Natureza e cultura aliam-se, desde sempre, nas criações artísticas e literárias cubanas. O eminente poeta José María Heredia, no seu Oda al Niágara, clamava pelas palmeiras, entre assombrado e nostálgico: "Mas que procura em ti a minha vista ofegante com inquieto afanar? As palmeiras, ai". Nicolás Guillén, também poeta, captou nos seus poemas o ritmo mestiço das nossas gentes. Lecuona universalizou a música do carnaval cubano, manifestação popular da nossa cultura, ainda vigente. Caturla e Amadeo Roldán vestiram de gala a música de raízes populares. Benny Moré exaltou as belezas naturais de Varadero, Cienfuegos e Manzanillo e deixou-nos bonitas canções de amor. Carlos Puebla passou da "Bodeguita del Medio" para o reconhecimento internacional ao cantar a divina presença do Comandante Che Guevara. Silvio Rodrigues lançou pelo mundo o seu grito de busca do unicórnio azul, símbolo da liberdade perdida ou da mulher apaixonada, consoante a interpretação leitor.

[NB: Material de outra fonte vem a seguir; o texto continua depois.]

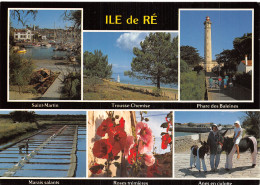 Delcampe - 17 ILE DE RE ILE DE RE - Ile De Ré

Mas não foi só a música. Carpentier, Lezama Lima, Miguel Barnet, são nomes admirados no mundo da Literatura. Portocarrero, Lam, Flora Fong, Fabelo, Nelson Dominguez, entre outros, enchem de texturas e cores as galerias internacionais. Alicia Alonso criou uma escola Cubana de Ballet que nos prestigia. Gutiérrez Alea ocupa um lugar de destaque na cinematografia internacional. Santiago Alvarez fundou uma escola de documentários cinematográficas, que impulsionou o novo estilo de documentário. E as Escolas de Arte, criadas e mantidas pela Revolução, reafirmam e garantem a continuidade do movimento cultural cubano, dando voz a novos nomes de escritores e artistas que garantirão um futuro brilhante para as artes e a literatura cubanas.

Num intenso e renovado esforço a cultura transforma-se nos bairros mais humildes e nas zonas rurais mais afastadas. Festivais de teatro, de cinema, de ballet, de guitarra, de boleros, entusiasmam especialistas interessados e um público ávido de participar nos eventos. Cuba é uma imensa festa do espírito.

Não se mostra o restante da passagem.